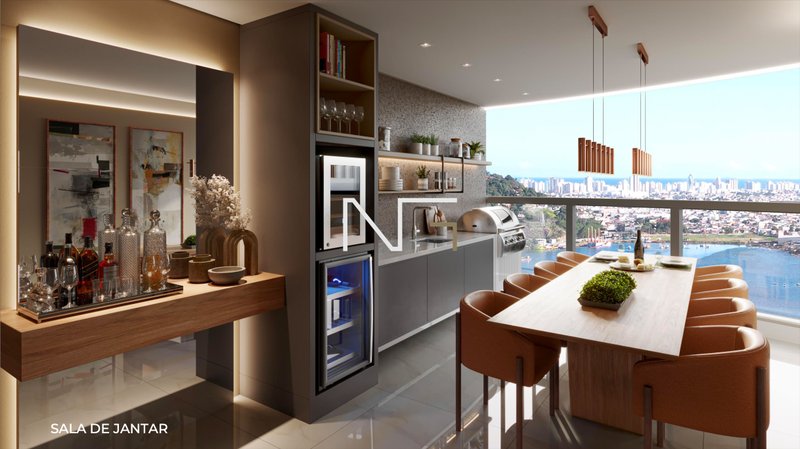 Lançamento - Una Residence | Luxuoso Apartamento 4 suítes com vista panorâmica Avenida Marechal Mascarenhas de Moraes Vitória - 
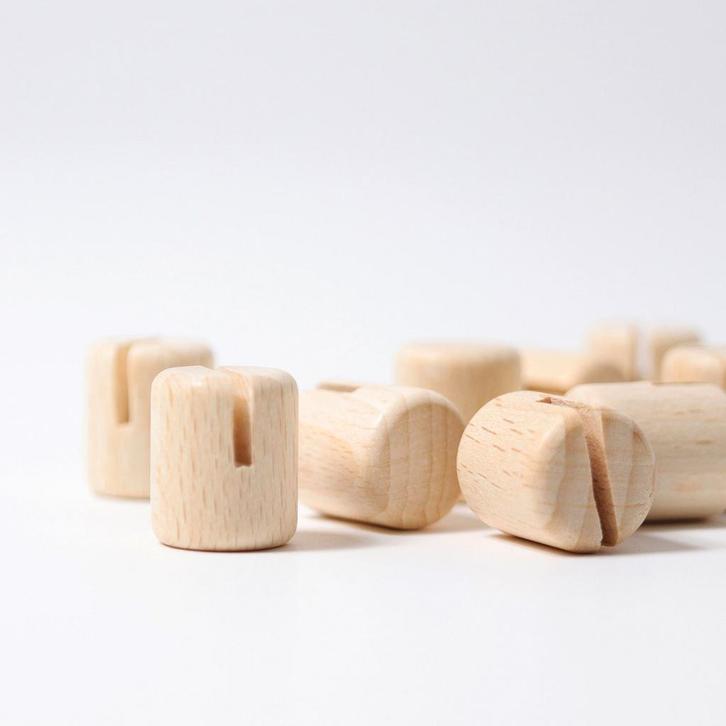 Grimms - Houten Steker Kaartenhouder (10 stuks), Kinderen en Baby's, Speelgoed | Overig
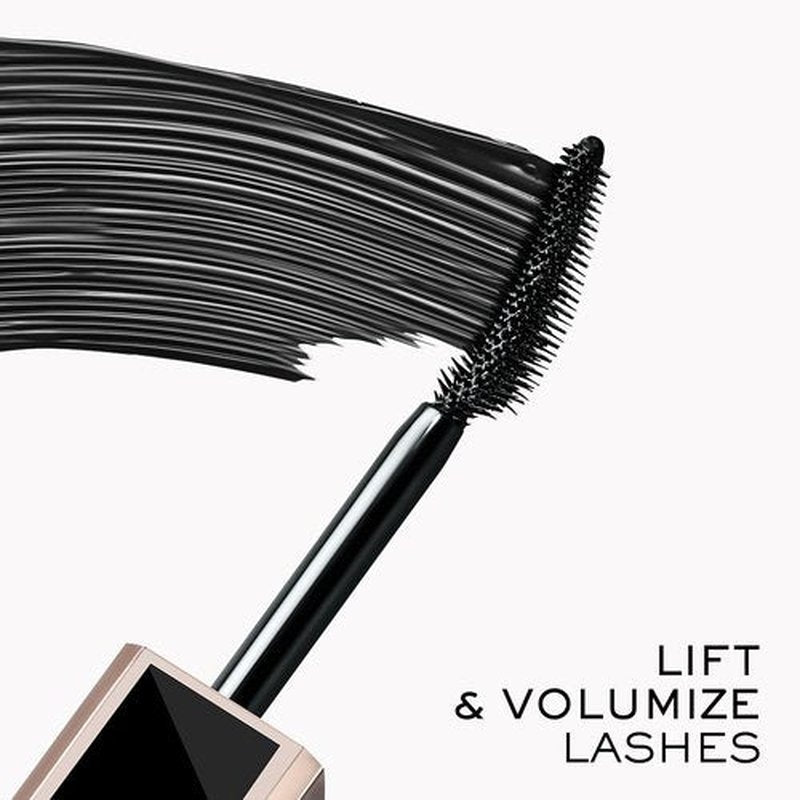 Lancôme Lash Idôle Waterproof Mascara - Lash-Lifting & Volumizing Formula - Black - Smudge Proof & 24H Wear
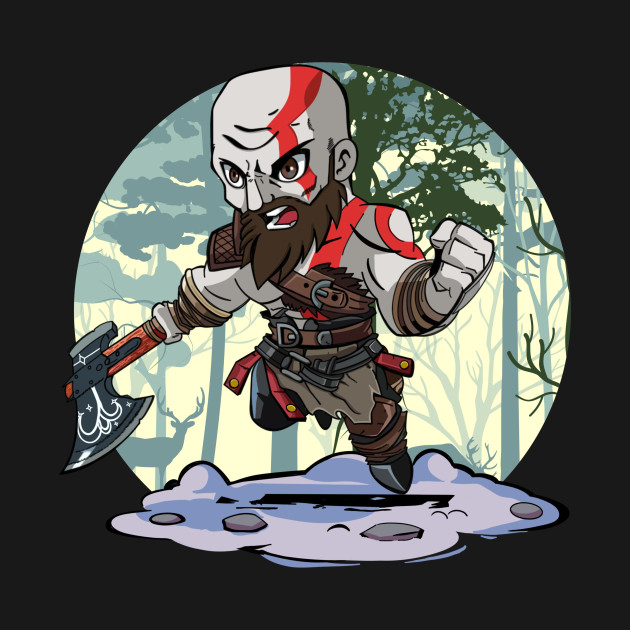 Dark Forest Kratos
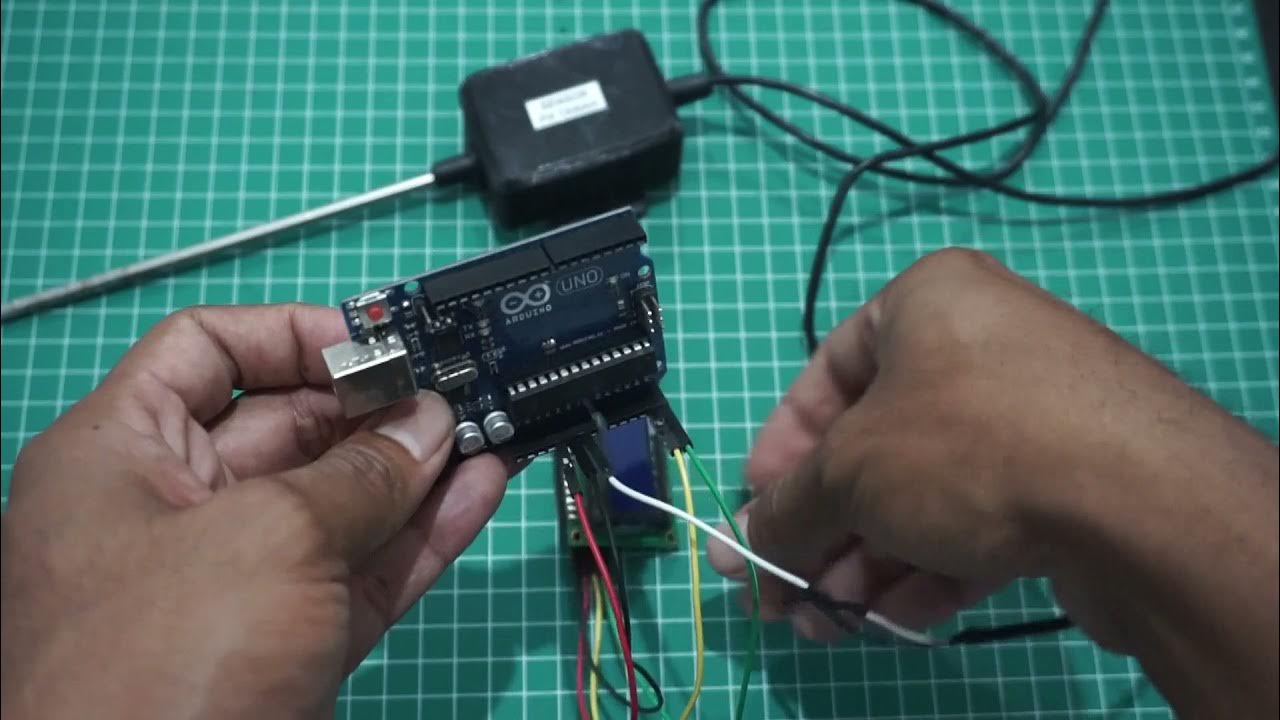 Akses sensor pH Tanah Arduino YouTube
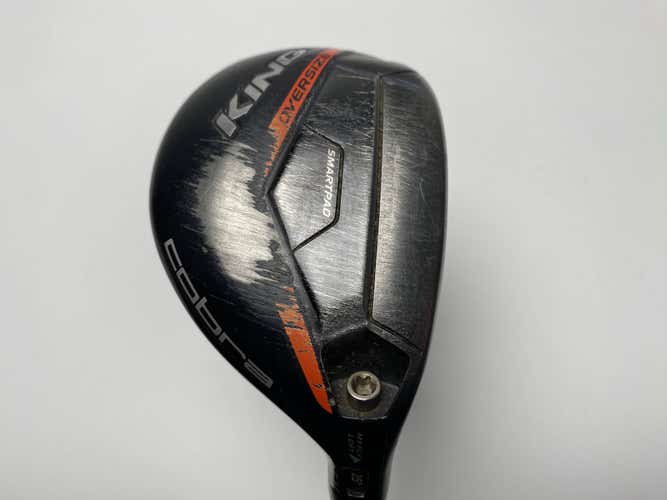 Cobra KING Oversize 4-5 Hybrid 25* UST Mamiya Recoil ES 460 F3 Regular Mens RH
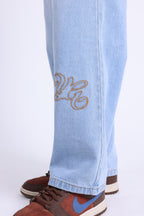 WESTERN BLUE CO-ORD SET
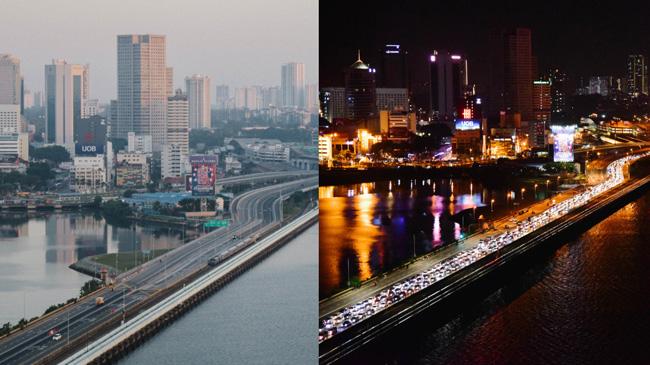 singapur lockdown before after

++++++++++++++++++++

Transcribe the opening line of the listing above, please, and every line after it through the line with "Akses sensor pH Tanah Arduino YouTube", word for word, without pictures.

**Output for this exercise:**
 Lançamento - Una Residence | Luxuoso Apartamento 4 suítes com vista panorâmica Avenida Marechal Mascarenhas de Moraes Vitória - 
 Grimms - Houten Steker Kaartenhouder (10 stuks), Kinderen en Baby's, Speelgoed | Overig
 Lancôme Lash Idôle Waterproof Mascara - Lash-Lifting & Volumizing Formula - Black - Smudge Proof & 24H Wear
 Dark Forest Kratos
 Akses sensor pH Tanah Arduino YouTube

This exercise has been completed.